O desconforto se prolonga quando é anunciado que os seus convidados para um ‘bate-papo’ recusaram a participação no projeto. Reforçando o que todos, de maneira subconsciente, pensavam: “não é o momento para isso”. Ainda assim, uma cena quebra-gelo foi proporcionada pela única que se dispôs a encarar o momento constrangedor de um flashback. Lumena Aleluia, talvez a segunda mais afetada com o ódio popular, chegou no sincero “erramos”, proporcionando então um momento de apoio entre duas mulheres negras.
À partir de Ruptura, o penúltimo episódio da série, há uma reviravolta no enredo. O foco passa de uma redenção insossa para uma biografia, pontuando o início de carreira da Karol Conká junto de polêmicas, revelações e exposição de desafetos no meio artístico. Uma escolha inteligente, pois nada prende mais a atenção de um espectador do que os bastidores conturbados da vida de uma figura pública. Para além da estratégia, essa foi uma ótima dose de humanidade e uma oportunidade perfeita de conhecer as dificuldades e o processo de construção da rapper curitibana.
A jornada pela carreira da Mamacita desde o seu início mostrando a relação com a família – e aqui, já entrando no último capítulo O Pai -, as barreiras que teve de enfrentar e seu carisma no palco destrói aos poucos a visão de vilania construída no Big Brother Brasil. É a Karol apaixonada pela música e só. Nesse sentido, para quem enfrenta o início embaraçoso da série, a recompensa é boa: conseguimos imergir em um relato de vida bastante envolvente e empático de uma protagonista que é a definição de resiliência.
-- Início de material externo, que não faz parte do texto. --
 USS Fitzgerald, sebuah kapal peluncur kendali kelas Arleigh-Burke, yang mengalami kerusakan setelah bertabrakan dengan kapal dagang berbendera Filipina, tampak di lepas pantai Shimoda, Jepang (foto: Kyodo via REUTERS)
A questão é, se o documentário desde seu início fosse pensado para contar a história de quem é a Conká e os perrengues pelo qual ela passou para chegar até à fama, esse seria um baita material. O seu lado musical é o mais interessante da proposta toda, não é à toa que conseguiu emplacar um sucesso mesmo “detestada”. Mas é compreensível que nem todos aceitariam o desafio de deixar o desafeto pela antagonista do reality global para prestigiar um pouco de sua história. Então fica explícita a necessidade de usar um gancho para que o público sádico, sedento pela derrota da artista, possa consumir o produto. Mas para alguém que espera encontrar uma Karol Conká derrotada e se lamentando, já aviso que A Vida Depois do Tombo vai te decepcionar.